Peterson also quotes Mark Twain about the advantages of telling the truth-

If you tell the truth, you don’t have to remember anything.

This is what roughly lies between the truth and the lie.

Now, let us have one reality check.

According to the scientific studies, a person lies twice a day on an average. The lies are innate part of our personal and social interactions. If a man doesn’t tell lies to his wife about that dress being beautiful on her or her hairdo looking stunning, how could he stay alive otherwise! – Jokes apart. There is one scientific study available in ‘arXiv’ maintained by Cornell Tech which implies that white lies can truly build the society, ‘glue’ it together while the black lies fragment- break the society. Same thing is seen in the Batman movie. The black lie actually leads to the chaos in the Gotham and increases the people’s following to the Riddler.

We humans have actually mastered the art of lying for the mere being of survival. If such small harmless lies are such inseparable part of our life, then how could one handle the real lies which have made him/her the way they are! How could they change the course of this ‘fundamental’ and ‘learned/ believed throughout my entire life’ thought process?

One lie leading to other one to ‘cover up’ creates a series of misinformation and chaos which has different impact on different people causing them to make different choices. This is the reason we can see that the same lies affect the decisions made by Batman and the Riddler. As Riddler tries to convince Batman that they both can enjoy ‘the reveal’ of truths as one group and purge the whole Gotham city off of all the criminals, he is also willing to accept the harm being done to the innocents as revealing the truth is more important for Riddler but Batman has different ideology.

This is the moment which sets differences between Riddler and Batman. Though having almost same backgrounds and same intentions, same fight to eradicate injustice- Batman doesn’t accept Riddler’s offer knowing that he is also part-victim of these lies.

There is this moment in the third act of the movie when one of the Riddler’s followers when asked about his identity calls himself as ‘Vengeance’. It is in the same fashion the Batman introduces himself. This is the moment when the Batman realizes the consequences of the white lie and how you cannot convince everyone for the white lie (it is a lie after all).
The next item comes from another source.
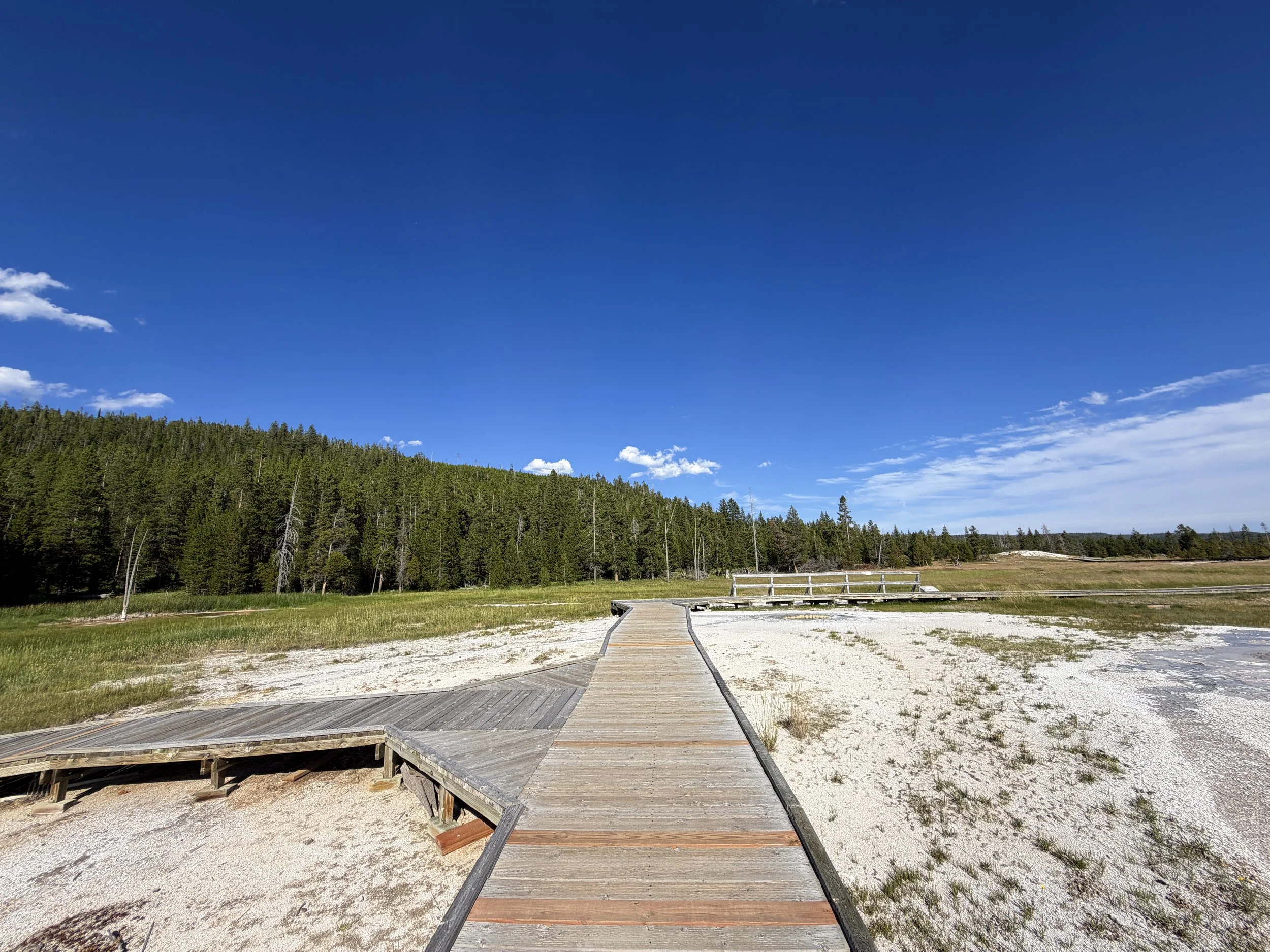 Upper Geyser Hill Trail Yellowstone National Park Wyoming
He understands in this very moment that act of avenging his parents by punishing the criminals of Gotham is not only spreading the fear for him thereby the fear for ‘Justice being served or their moment of reckoning’ but it is also creating some bad examples for the people who are aware of only the black lies. They are not made aware of all the white lies and in some sense, even when someone tries to tell them the intentions of white lies, they won’t be in a position to understand it. This is the nature of lies. Black or white- a lie is a lie.

Then, what makes the Batman and Riddler or his followers differ?
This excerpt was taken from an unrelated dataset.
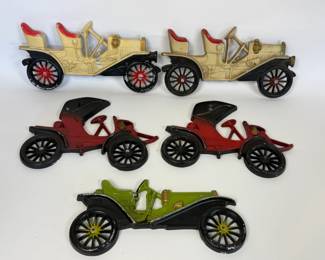VINTAGE MIDWEST CAST ALUMINUM CARS WALL DECOR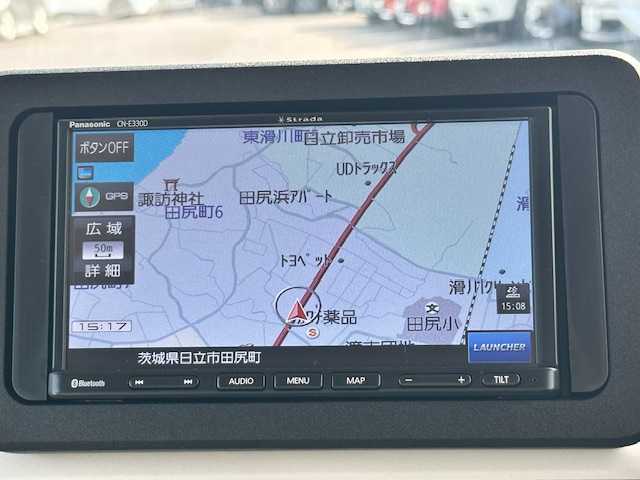 ダイハツ ムーヴ キャンバス ストライプス G 茨城県 2022(令4)年 1.5万km シャイニングホワイトパール/ファインミントメタリック 社外SDナビ/(BT/AM/FM/CD)/フルセグTV /バックカメラ /ETC /D席N席シートヒーター /両側パワースライドドア /コーナーセンサー前後 /LEDヘッドライト /オートライト /プッシュスタート /アイドリングストップ /取扱説明書/保証書/パーキングアシスト/パワーウィンドウ/パワーステアリング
I think that it is the process of unlearning and thereby accepting the truth.

Unlearning can simply mean discarding the false information which was till date responsible for the foundation of who you were and rediscovering the same things with new perspective, rediscovering what that lie was hiding. The batman unlearns ‘the truth about his parents’ told to him from his childhood. He understands that however bad/ugly it may seem, it cannot change what he is today. That is why our Batman in the third act accepts that the ‘Vengeance cannot change the past’, it will not change the fact about his parents, it won’t even bring them back. Hence the reason our Batman in the end of this movie expects himself to become a ray of hope for people (and not vengeance)

Batman clears off his mind of what is right and what is wrong. He makes the notion to save the people of Gotham as a primary goal rather than displaying himself as vengeance and punishing the criminals. He brings himself out of the shadows, it is greatly and symbolically highlighted in the moment when he sacrifices himself to save people from live electric cables and when he lights up the torch to bring the people out of the floods.  

This process of unlearning of the Batman, the journey of Batman accepting the ugly truth of his past, his journey inwards in ‘this’ Matt Reeves adaptation makes the story so special. It is the reason why even though many villains share similar intentions, pasts, personal acts with the batman they cannot become the Batman.     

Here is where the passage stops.